Another common issue in relationships where one or more partner has a fixed mindset is that assumption that both (or all for different groupings) are of one mind.  This assumption suppresses communication, putting further stress on the relationship and letting individuals ascribe motives to actions and comments that might not be true.

An exercise suggested by Dweck to determine which mindset are being held in relationships is to ask each party the following questions: As a husband, I have the right to ______ and my wife has the duty to _____.  Using a development team as a model – As a developer, I have the right ______ and the tester has the duty to ____.  Switch the role order depending on the primary role being played.  Asking the exercise participants to answer the question will help participants to explain how they anticipate the obligations of a relationship being distributed.  In the process, the words in the stories that are generated will help to expose the mindsets of the particants, which is useful promoting awareness within the relationship.

As we have noted in earlier chapters, problems indicate character flaws to people with a fixed mindset.  At one point in my life, I actually walked away from a friendship when I noticed that someone heavily salted their buttered bread and stopped dating a girl when she put ketchup on a filet.  I believe I have changed, but at the time I saw those problems as insurmountable character flaws.  Rather than discuss the situation (and show a bit more tolerance), I choose to bail out.  These sorts of issues happen in teams everyday reducing team effectiveness.  Remember to confront the situation, not the person.  

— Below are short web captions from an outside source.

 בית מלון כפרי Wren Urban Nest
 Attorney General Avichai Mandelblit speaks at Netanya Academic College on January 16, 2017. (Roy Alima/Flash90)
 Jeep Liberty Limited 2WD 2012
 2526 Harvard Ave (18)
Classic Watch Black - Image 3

In relationships, people with a fixed mindset see others as adversaries to be competed with.  The parties in a relationship that include people with fixed mindsets will often have significantly different power levels (one powerful and the other more submissive).  When those with a fixed mindset see the flaws in their partners they will tend to exploit those flaws to improve their ego and when slighted will seek revenge.  

Organizational Transformation:  Remember that bullying and revenge are influenced by fixed mindsets.  Change can be threatening to people with a fixed mindset. They see change as an attack on their character; threatening their success.  This can be exacerbated if the roll out is done via brute force (bullying) which can generate negative reactions. such as revenge or passive aggressive behavior in the workplace.  As a transformation leader, it is imperative to understand that change can be viewed as a rejection of closely held personal beliefs.  When talking about or leading change separate how you talk about people from how you talk about the roles you are changing.

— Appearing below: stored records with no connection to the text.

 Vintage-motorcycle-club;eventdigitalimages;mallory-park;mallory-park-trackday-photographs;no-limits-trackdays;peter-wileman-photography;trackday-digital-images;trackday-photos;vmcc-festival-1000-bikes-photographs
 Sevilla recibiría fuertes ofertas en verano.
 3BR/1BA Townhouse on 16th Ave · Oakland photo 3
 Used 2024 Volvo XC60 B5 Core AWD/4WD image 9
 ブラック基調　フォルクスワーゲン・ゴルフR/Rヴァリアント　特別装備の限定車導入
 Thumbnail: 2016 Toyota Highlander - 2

Team Coaching: Software development has been described as a team sport.  Teams are a reflection of the relationships between team members.  Mindsets can directly affect how team members view each other.  While the chapter focuses on primarily on individual relationships, we can see many of the same patterns in the relationships between team members.  Stress causes individuals with fixed mindsets to focus on the personal faults of others creating distance or even going as far as to ascribe blame to fellow team members.  Coaches have to help teams to separate people from roles and help team members not to blame people, but rather to focus on how to resolve situations and improve outcomes.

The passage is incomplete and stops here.